I know it's blurry, it very hard to focus the telescope 
with the camera attached and I was running out of time, 
when I get my equipment back from the factory repair 
center, I'll have more time and my own equipment, this 
one was taken on a borrowed mount and tripod, so I 
had to make it quick. 






Here is Jupiter and the 4 Galilean moons. Again, VERY CRAPPY, but it was a real fast shot.





Peace! 8)


----------



## Rienzphotoz (Mar 4, 2013)

Interesting images


----------



## rpt (Mar 6, 2013)

blaydese said:


> TrumpetPower!,
> 
> Most excellent pictures, I'd like to see more. Thanks for share.
> 
> ...


Wow! What did you shoot Jupiter and its moons with? On iPad so can't see the Exif


----------



## @!ex (Mar 28, 2013)

Shot this a few years back when I was still on Pentax gear. I think it was a 5 shot bracket with 2 ev steps per shot at 450mm stopped way down.


----------



## blaydese (Apr 4, 2013)

@!ex said:


> Shot this a few years back when I was still on Pentax gear. I think it was a 5 shot bracket with 2 ev steps per shot at 450mm stopped way down.

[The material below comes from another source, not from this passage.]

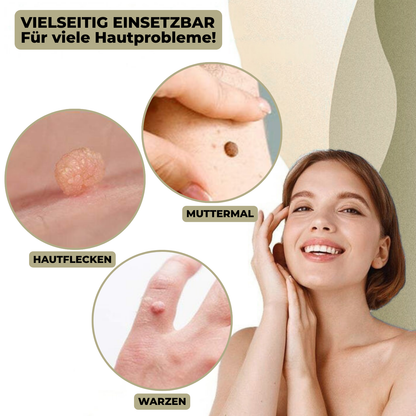 Kalsten | DermaLinx Wart Remover | Pain-Free Removal of Warts & Moles | For Home | Without Surgery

Nice, you could probably still have some more fun with that shot.

Peace! 8)


----------



## J.R. (Apr 4, 2013)

I shot this with the old trusty 7D. Processed in LR.

You can barely make out the greens on the tree in the foreground.


----------



## blaydese (Apr 5, 2013)

Oh yeah, you can, that's cool. And very nice.

Peace! 8)


----------